In this tutorial, you learn about:
 * Ray Futures as one of the patterns
 * Ray's distributed Plasma object store
 * How obejcts are stored and fetched from the distributed shared object store
     * Use `ray.get` and `ray.put` examples


### 2. Object references as futures pattern

First, let's start Ray…

In [4]:
import logging
import numpy as np
import ray

In [5]:
if ray.is_initialized:
    ray.shutdown()
ray.init(logging_level=logging.ERROR)

0,1
Python version:,3.8.13
Ray version:,2.0.0rc1
Dashboard:,http://127.0.0.1:8266


### Remote Objects example

To start, we'll create some python objects and put them in shared memory

In [6]:
num_list = [23, 42, 93]

# returns an objectRef
obj_ref = ray.put(num_list)
obj_ref

ObjectRef(00ffffffffffffffffffffffffffffffffffffff0100000002000000)

Then retrieve the value of this object reference. 
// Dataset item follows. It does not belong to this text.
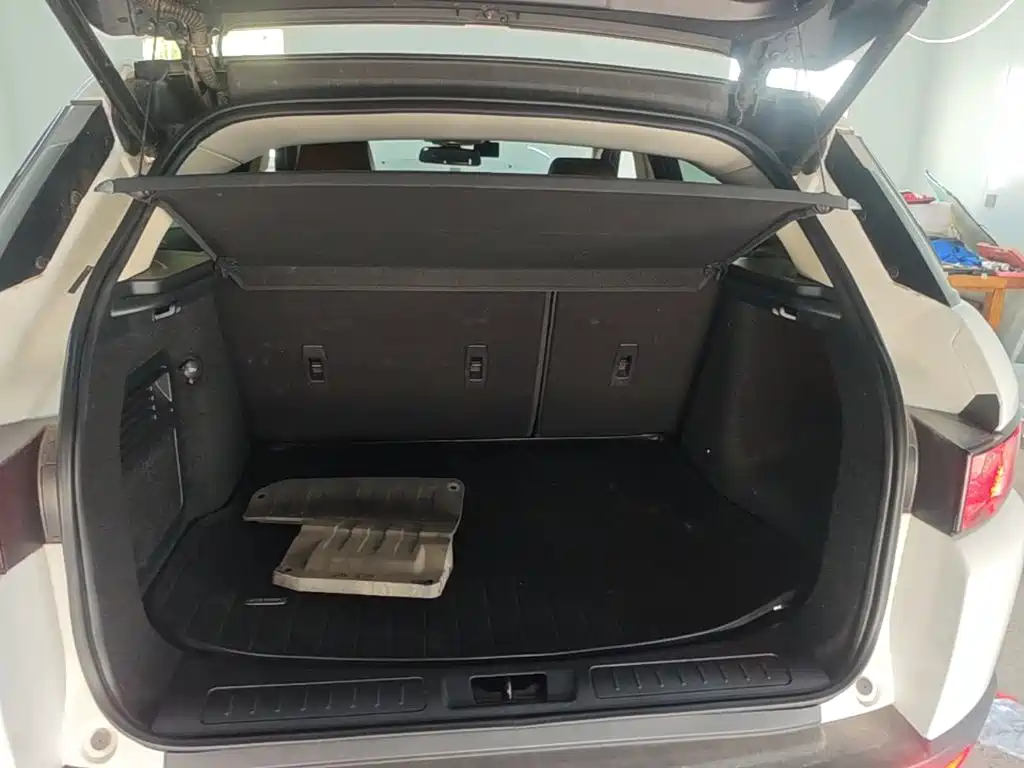 Land Rover Evoque — миниатюра 19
Small objects are resolved by copying them directly from the _owner’s_ **in-process store**. For example, if the owner calls `ray.get`, the system looks up and deserializes the value from the local **in-process store**. For larger objects greater than 100KB, they will be stored in the distributed object store.

In [7]:
val = ray.get(obj_ref)
val

[23, 42, 93]

You can gather the values of multiple object references in parallel using a list comprehension:
 1. Each value is put in the object store and its `ObjRefID` is immediately returned
 2. The comprehension constructs a list of `ObjRefIDs` for each element in the loop
 3. A final `get(list_obj_refs`) is invoked to fetch the list

In [8]:
results = ray.get([ray.put(i) for i in range(10)])
results

[0, 1, 2, 3, 4, 5, 6, 7, 8, 9]

### Passing Objects by Reference

Ray object references can be freely passed around a Ray application. This means that they can be passed as arguments to tasks, actor methods, and even stored in other objects. Objects are tracked via distributed reference counting, and their data is automatically freed once all references to the object are deleted.

In [13]:
# Define a Task
@ray.remote
def echo(x):
    print(f"current value of argument x: {x}")

In [14]:
# Define some variables
x = list(range(10))
obj_ref_x = ray.put(x)
y = 25

### Pass-by-value

Send the object to a task as a top-level argument.
The object will be *de-referenced* automatically, so the task only sees its value.

In [15]:
# send y as value argument
echo.remote(y)

ObjectRef(c2668a65bda616c1ffffffffffffffffffffffff0100000001000000)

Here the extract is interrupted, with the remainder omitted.